Putin embraces conservatism as his ideology

Vladimir Putin gives his annual State of the Union at the Kremlin. Source: RIA Novosti

Vladimir Putin gives his annual State of the Union at the Kremlin. Source: RIA Novosti

Vladimir Putin used his State of the Union address last week to emphasize the importance of tradition, a common theme in his speeches. It is understandable that the president would want to make this a source of support.

In his annual State of the Union last week, President Vladimir Putin for perhaps the first time clearly articulated the philosophy that guides Russia’s leadership – conservatism.

This is hardly breaking news, but his past agenda-setting speeches and the logic behind the Kremlin’s actions testify to the predominantly conservative mentality of the nation’s leadership.

The president has now simply clarified what he understands by conservatism. Quoting the words of Nikolai Berdyayev, he argued that conservatism does not hinder progress but rather prevents regression to “chaotic darkness” and a “primitive state.”

Vladimir Putin detests chaos, as he has made clear in his writings and speeches. But this time he drew a clear dividing line: “Either [we] backslide toward the further erosion of the foundations of the world order and the triumph of the law of force – the law of the fist and greater chaos – or collectively make responsible decisions.”

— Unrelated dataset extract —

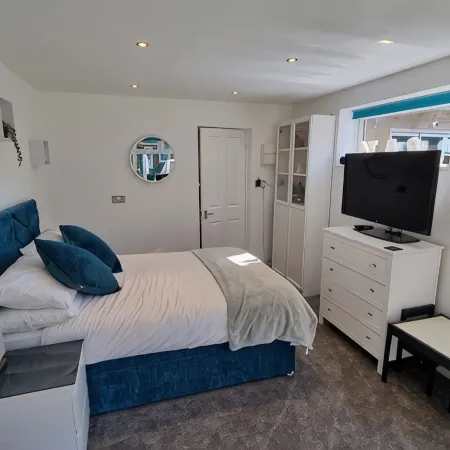 1 bed self-contained annex, with off-road parking.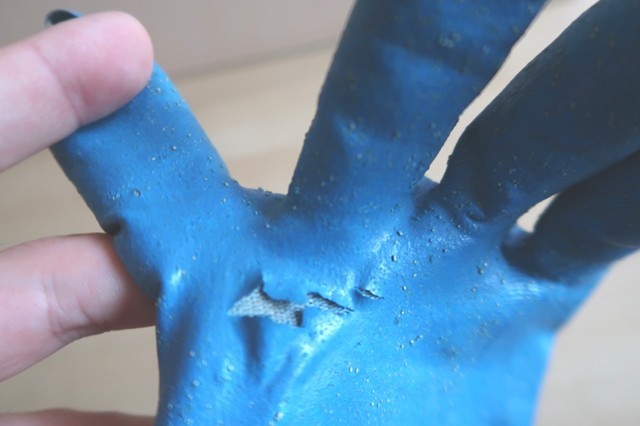 コスパ最強の雪山手袋テムレス破損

In a February 2012 article by Putin’s entitied “Russia in the Changing World,” the sentiment with which he describes the world can best be summed up by the well-known axiom of the medical profession: First, do no harm.

A perplexed Putin had a simple question for leading Western countries, and the United States in particular: What are you doing? Why does every major action you take – from interfering in regional conflicts, attempting to promote democracy, or such an ambitious undertaking as introducing a common European currency – destroy the remnants of the principles on which the world order was built?  It creates headaches for everyone and makes problems worse.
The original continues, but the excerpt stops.